**WHAT THE TASK ASKS**
Exact copies of the lines below, from the one with "后序国风书法系列新中式圆领卫衣男宽松套头男装高级感无帽外套图片" up to and including the one with "Jichou Shinai Motoyuusha", are what this calls for; leave out pictures.

**MATERIAL PROVIDED**
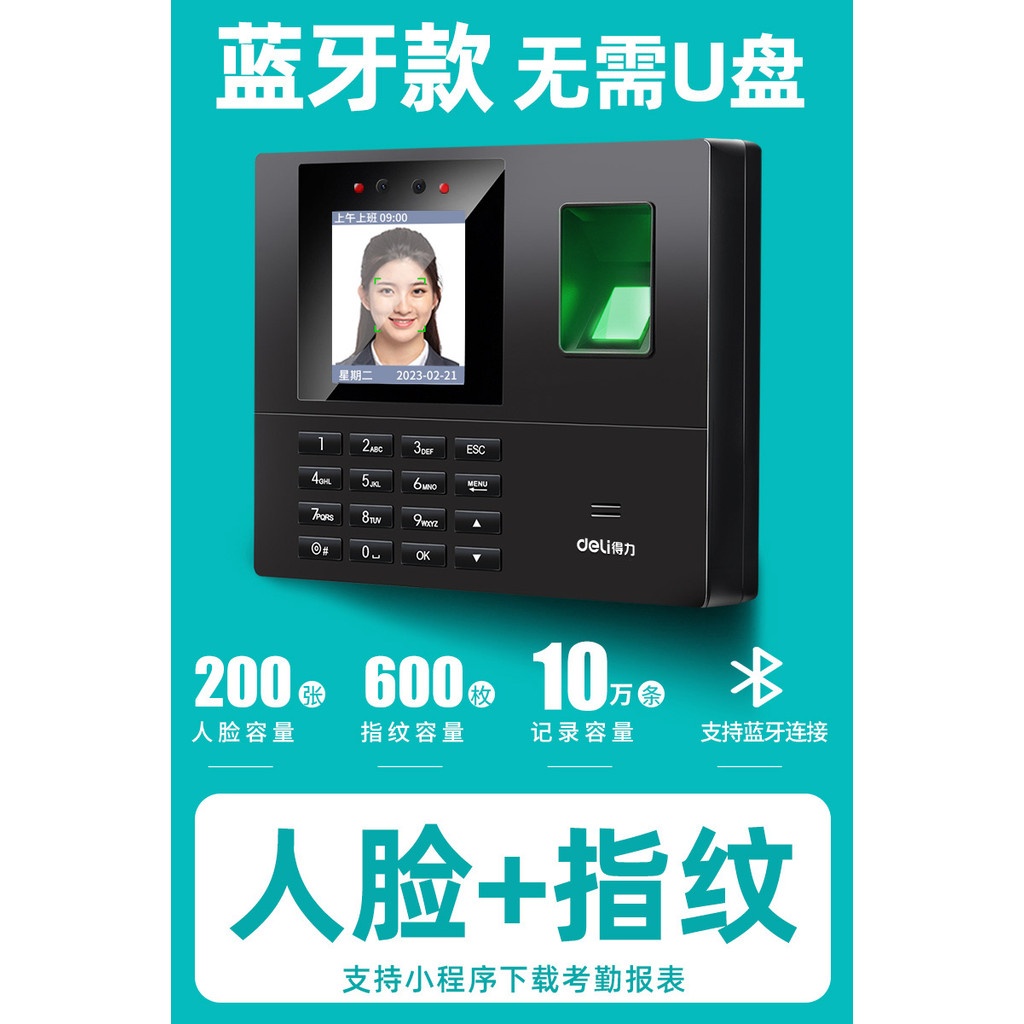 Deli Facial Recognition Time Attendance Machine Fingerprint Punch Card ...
==
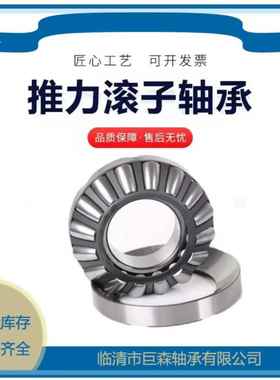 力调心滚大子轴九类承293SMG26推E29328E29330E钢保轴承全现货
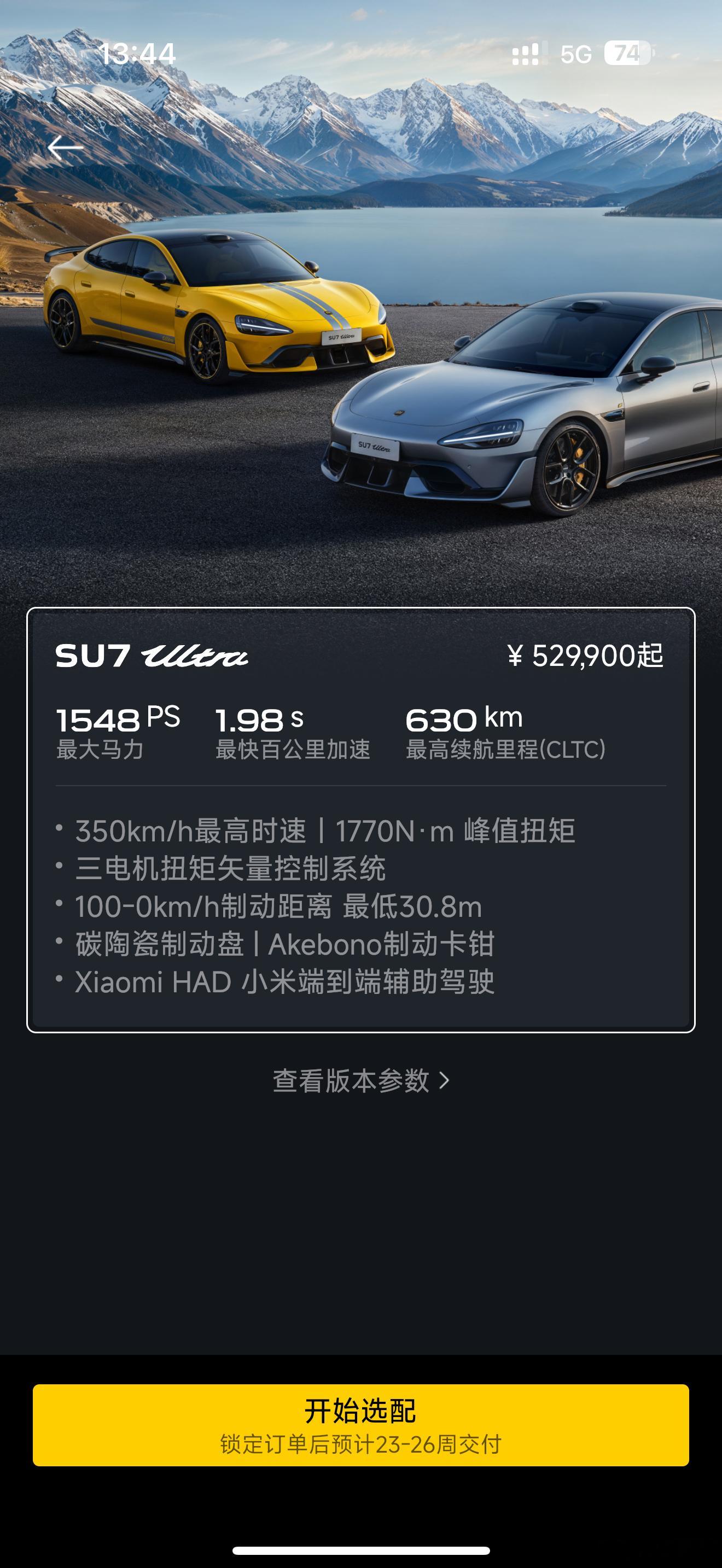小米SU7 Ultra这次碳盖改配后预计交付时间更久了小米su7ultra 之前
==
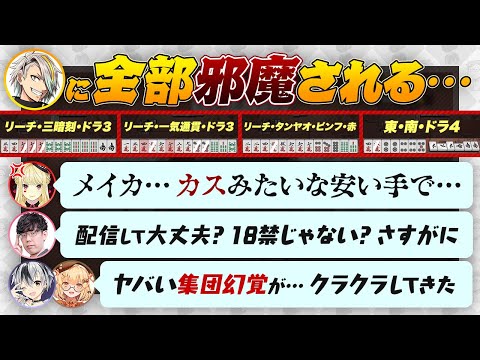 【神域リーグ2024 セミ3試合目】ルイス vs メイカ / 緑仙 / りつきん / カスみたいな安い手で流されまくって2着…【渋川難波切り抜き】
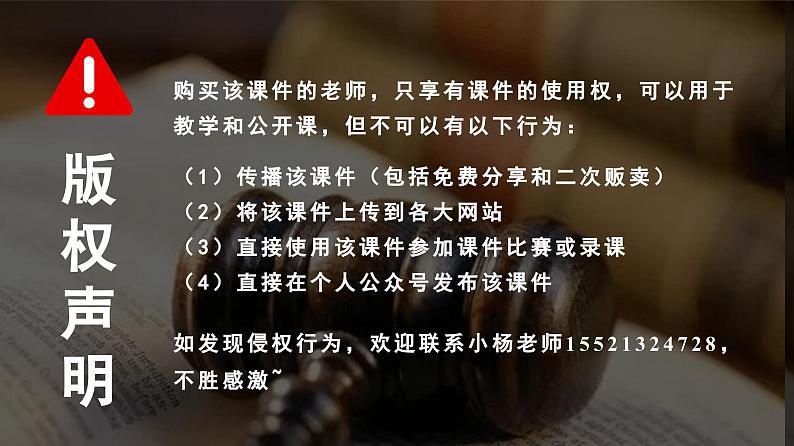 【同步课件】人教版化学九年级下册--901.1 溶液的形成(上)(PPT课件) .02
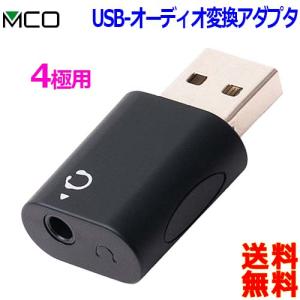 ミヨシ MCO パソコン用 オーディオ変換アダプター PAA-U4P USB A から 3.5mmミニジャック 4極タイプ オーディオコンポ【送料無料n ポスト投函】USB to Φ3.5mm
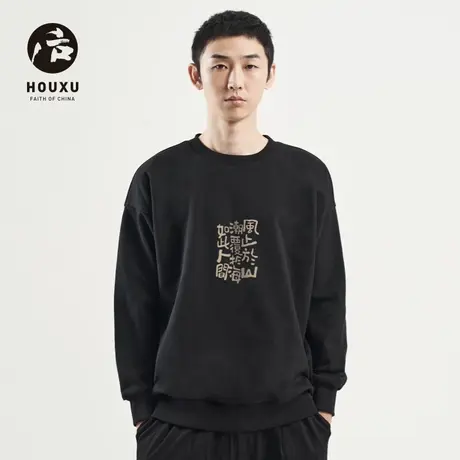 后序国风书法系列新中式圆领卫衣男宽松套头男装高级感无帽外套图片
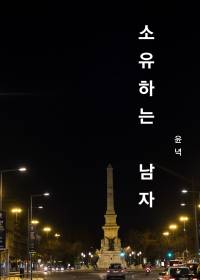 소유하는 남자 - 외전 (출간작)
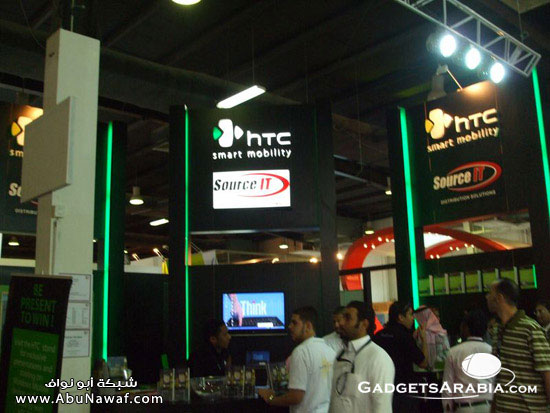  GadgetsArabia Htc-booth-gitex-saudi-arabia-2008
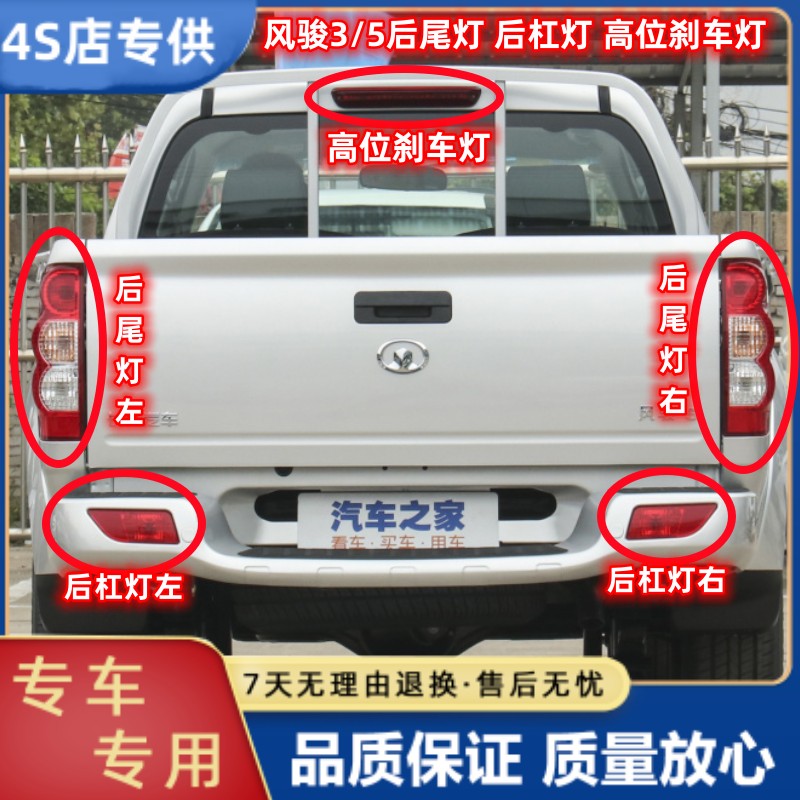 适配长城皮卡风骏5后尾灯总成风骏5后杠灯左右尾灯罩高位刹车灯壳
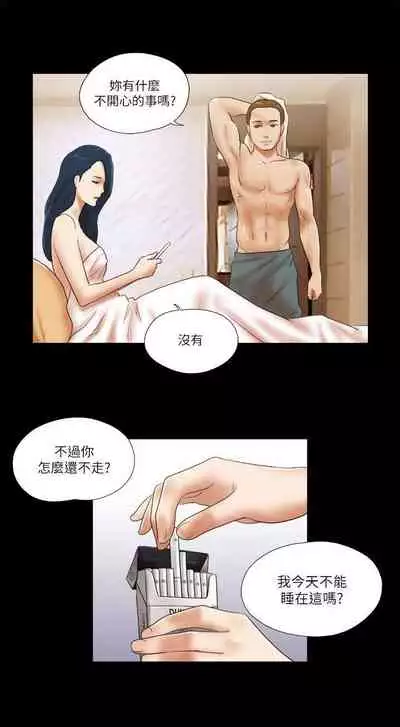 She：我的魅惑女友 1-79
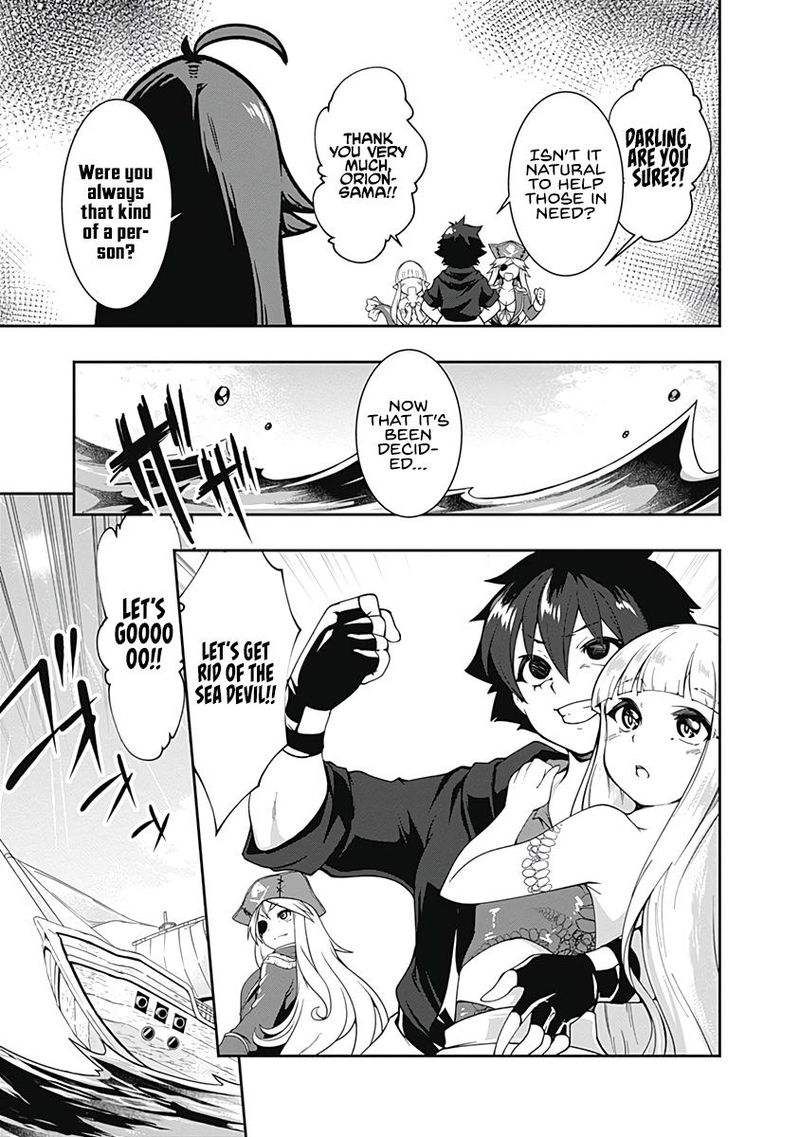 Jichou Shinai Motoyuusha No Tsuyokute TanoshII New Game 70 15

**WRITTEN SOLUTION**
 后序国风书法系列新中式圆领卫衣男宽松套头男装高级感无帽外套图片
 소유하는 남자 - 외전 (출간작)
  GadgetsArabia Htc-booth-gitex-saudi-arabia-2008
 适配长城皮卡风骏5后尾灯总成风骏5后杠灯左右尾灯罩高位刹车灯壳
 She：我的魅惑女友 1-79
 Jichou Shinai Motoyuusha No Tsuyokute TanoshII New Game 70 15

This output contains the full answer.